A standard approach for small molecule structure elucidation involves identification of the individual fragments or spin systems followed by their assembly. This approach outlined in Scheme 1 uses 1D data to assess purity, classify the compound type and compare with NMR chemical shift databases. Analysis of the 2D homonuclear data (COSY and TOCSY) identifies the individual short spin systems in the compound. Heteronuclear HSQC data provides 13C chemical shift information and direct H-C links. HMBC data links distant H-C spin systems that help link molecular fragments. Data from the NOESY and ROESY spectra also aid in linking spins systems, and determining relative configuration and conformation, for example, relative stereochemistry, ring junctions, and double bond regiochemistry. The final step is confirming that proposed shift assignments and structural characteristics agree with coupling constants and splitting patterns among spectra, along with other data collected. There are numerous books detailing the specifics for analyzing NMR data of small molecules, see for example Refs. 35-38.
The flowchart can be utilized as a general scheme for small natural product structural elucidation. Typically, a series of 1H and 13C NMR experiments are required in order to fully confirm the structure.
2.1.2. Proteins & peptides
MR allows for structural characterization of moderately sized proteins or peptides.[12,39] Since the line width of the NMR signal depends upon the rotational correlation time τc, the resultant signal intensity reduction and decreased spectral resolution typically precludes detailed analysis of large proteins. To date the largest protein to be structurally characterized by NMR is the 82 kDa or 723 amino acid malate synthase G. In contrast, X-ray techniques in principle have no size limit however, not all proteins are amenable to crystallization esp. membrane-associated proteins and crystallization can alter the protein structure making NMR attractive for elucidating structures in “native” solution environments. “Non-native” conditions can also be applicable for protein folding/unfolding or temperature stability.

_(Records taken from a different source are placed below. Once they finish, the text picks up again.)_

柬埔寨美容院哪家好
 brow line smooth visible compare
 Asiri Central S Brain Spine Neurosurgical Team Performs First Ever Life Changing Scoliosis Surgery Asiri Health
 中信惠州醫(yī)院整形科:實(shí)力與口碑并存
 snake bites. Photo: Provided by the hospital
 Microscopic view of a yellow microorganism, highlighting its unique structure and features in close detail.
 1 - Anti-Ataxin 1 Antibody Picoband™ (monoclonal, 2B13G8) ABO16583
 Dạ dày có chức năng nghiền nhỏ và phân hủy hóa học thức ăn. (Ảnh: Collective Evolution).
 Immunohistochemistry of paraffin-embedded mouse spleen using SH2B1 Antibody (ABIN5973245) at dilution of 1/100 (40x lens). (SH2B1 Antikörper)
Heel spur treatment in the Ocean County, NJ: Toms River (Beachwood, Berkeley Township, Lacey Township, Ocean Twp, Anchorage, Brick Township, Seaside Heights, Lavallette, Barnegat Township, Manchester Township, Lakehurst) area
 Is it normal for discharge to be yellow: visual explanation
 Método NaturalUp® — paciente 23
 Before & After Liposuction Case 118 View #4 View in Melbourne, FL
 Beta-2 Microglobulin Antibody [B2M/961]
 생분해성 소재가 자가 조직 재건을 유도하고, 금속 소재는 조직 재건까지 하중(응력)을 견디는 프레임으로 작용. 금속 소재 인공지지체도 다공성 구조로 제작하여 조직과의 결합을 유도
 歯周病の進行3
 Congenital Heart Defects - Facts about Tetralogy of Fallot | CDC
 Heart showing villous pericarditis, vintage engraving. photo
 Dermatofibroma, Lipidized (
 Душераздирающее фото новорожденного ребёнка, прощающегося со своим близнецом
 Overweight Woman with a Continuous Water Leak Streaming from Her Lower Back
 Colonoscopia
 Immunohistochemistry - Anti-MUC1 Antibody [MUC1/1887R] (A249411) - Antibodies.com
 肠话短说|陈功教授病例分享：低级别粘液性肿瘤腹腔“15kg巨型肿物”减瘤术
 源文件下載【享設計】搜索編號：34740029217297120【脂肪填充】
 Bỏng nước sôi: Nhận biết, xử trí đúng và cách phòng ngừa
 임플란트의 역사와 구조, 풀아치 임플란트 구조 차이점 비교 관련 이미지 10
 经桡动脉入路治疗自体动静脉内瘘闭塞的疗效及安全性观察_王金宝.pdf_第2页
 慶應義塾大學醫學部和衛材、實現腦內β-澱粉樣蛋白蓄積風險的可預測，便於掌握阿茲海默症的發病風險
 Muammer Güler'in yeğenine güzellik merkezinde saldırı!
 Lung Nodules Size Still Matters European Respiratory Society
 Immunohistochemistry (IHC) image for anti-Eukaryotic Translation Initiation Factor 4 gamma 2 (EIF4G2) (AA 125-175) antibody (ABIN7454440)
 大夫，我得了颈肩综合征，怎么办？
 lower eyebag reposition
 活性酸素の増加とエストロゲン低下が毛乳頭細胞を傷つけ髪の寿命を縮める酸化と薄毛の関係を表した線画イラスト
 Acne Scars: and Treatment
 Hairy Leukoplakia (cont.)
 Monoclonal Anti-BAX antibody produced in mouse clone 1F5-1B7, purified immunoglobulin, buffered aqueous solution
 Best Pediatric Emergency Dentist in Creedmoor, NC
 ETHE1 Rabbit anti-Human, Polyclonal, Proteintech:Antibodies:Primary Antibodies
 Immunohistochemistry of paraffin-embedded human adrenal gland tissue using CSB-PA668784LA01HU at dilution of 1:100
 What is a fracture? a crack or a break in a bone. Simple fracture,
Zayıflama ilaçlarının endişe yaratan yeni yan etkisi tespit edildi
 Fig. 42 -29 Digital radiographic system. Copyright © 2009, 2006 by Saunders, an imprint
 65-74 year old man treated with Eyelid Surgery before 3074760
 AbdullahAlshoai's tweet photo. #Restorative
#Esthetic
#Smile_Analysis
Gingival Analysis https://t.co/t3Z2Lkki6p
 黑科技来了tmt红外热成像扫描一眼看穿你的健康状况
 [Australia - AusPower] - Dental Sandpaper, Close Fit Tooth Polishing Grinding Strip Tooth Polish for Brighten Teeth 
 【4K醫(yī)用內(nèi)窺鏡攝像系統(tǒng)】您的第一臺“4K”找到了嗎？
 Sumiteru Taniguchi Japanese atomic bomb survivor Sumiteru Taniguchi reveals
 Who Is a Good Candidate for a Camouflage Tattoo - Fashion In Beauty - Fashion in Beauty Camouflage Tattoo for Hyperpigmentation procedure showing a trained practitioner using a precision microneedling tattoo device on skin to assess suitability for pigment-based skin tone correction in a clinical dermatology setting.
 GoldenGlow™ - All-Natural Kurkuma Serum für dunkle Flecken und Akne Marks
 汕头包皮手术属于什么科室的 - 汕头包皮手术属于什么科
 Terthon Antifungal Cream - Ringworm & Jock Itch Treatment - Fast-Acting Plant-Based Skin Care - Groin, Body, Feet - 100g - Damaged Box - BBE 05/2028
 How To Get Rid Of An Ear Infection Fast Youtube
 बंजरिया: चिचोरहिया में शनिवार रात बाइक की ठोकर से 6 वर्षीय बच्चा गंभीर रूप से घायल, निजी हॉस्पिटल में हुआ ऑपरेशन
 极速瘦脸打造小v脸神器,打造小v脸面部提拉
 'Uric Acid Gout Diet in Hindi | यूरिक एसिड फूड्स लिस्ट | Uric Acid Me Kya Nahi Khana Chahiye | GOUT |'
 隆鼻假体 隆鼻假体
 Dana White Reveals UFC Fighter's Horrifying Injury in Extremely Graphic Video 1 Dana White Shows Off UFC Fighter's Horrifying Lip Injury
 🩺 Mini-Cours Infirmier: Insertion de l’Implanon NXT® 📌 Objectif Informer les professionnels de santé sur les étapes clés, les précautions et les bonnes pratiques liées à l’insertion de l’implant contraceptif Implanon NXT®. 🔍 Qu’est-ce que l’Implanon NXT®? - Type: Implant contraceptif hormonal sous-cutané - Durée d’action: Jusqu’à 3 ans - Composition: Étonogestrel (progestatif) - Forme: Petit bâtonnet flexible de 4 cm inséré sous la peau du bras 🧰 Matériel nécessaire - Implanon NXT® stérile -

Initial investigation into biomolecular structure elucidation typically requires information from other techniques such as MS, circular dichroism, micro-array for initial determination of the amino acid sequence. A general scheme for the elucidation of a protein 3D structure (Scheme 2) involves initial production of the protein either by synthesis and refolding, or by recombinant expression, and followed by acquisition and data analysis. From the analysis through bond backbone and side-chain connections, through space nOe connections and additional constraints are utilized as restraints within simulated annealing protocols that calculate superimposable ensembles of lowest-energy structures.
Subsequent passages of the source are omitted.